Doctors go leftie to save boy with hole in heart
Doctors go leftie to save boy with hole in heart

Surgeons are just like sportsmen: much like a ‘batting’ or ‘bowling’ hand, doctors also have a particular hand that they operate with. For the peculiar case of a 14-year-old boy, whose heart had been pushed into the extreme left portion of his chest, surgeons had to adopt a ‘left handed’ approach to sew up the hole in his heart and plug an aortic leak.
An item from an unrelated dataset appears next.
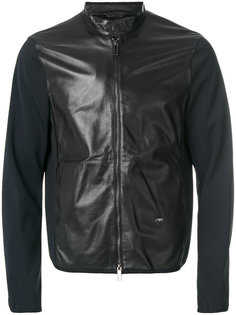 куртка на молнии с контрастными рукавами Emporio Armani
Luckily for Randir*, who is an eighth grader from Mumbai, veteran cardiac surgeon at MIOT Hospitals Dr VV Bashi was born ambidexterous. “My parents forced me to use my right hand though I was more comfortable with my left, when I was young,” he recalls. The surgeon was skilled enough to complete the complex surgery, despite the change of sides.
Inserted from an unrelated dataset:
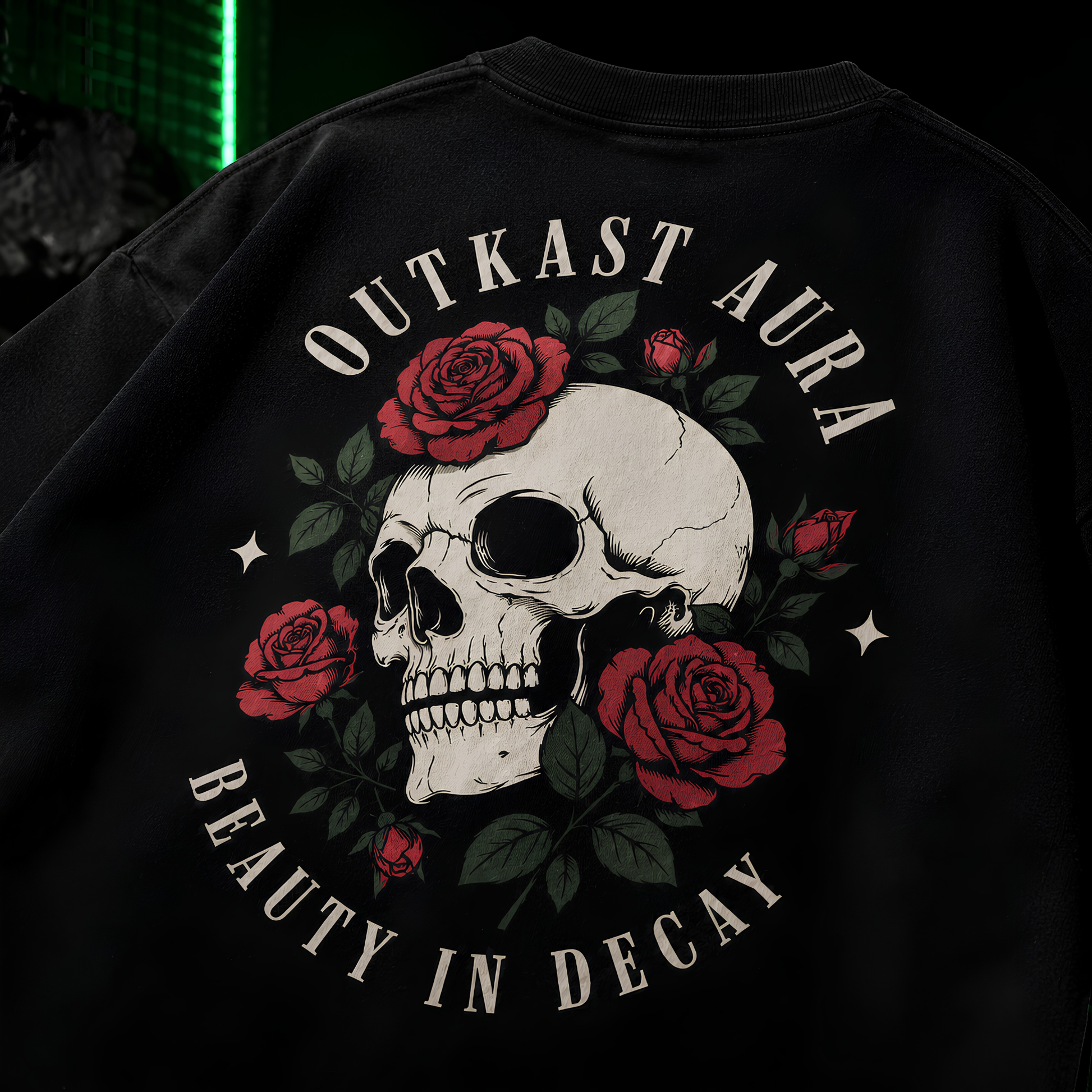 Buy The OA Beauty In Decay Oversized Tee Now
Though the hole in his heart (ASD) was diagnosed a decade ago by doctors in Mumbai, they felt that it could wait till he was older.When doctors took a look at his heart again ahead of the corrective surgery in May, they found a bigger problem. “He had a massive aortic anuerysm. It was dilated to almost 6.7 cm which could have ruptured at any time,” says Dr Bashi, who describes the situation as a ticking bomb - if it ruptured, he would have been dead in three minutes flat. “He needed corrective surgeries to fix both faults, simultaneously, while his heart was off centre,” summed up the surgeon. The reason that Randir’s heart was so far away from the centre of the chest was a congenital genetic defect called Noonan’s syndrome, “The cleft in his sternum caused the shift in his heart’s position, to such an extent that his left lung was partially crushed since birth,” added the doctor. If this shift hadn’t been there, doctors could have easily cut the centre line of his rib cage and corrected the defects in his heart. “We had to make two holes through his third and fifth rib spaces to do the operation,” he adds. Once in, the team of surgeons worked for five hours to ensure that both faults were fixed without damage to his organs. “Thankfully, we didn’t make any mistakes and managed to restart his heart,” says Dr Bashi, whose relief at having the boy alive and well was apparent. Today, save for a mask to keep infections at bay, Randir is an ‘as-normal-as-can-be’ boy, barely weeks post-surgery. The only risk for him is that the sternum doesn’t grow further inward as he grows older and cramp his other organs for space.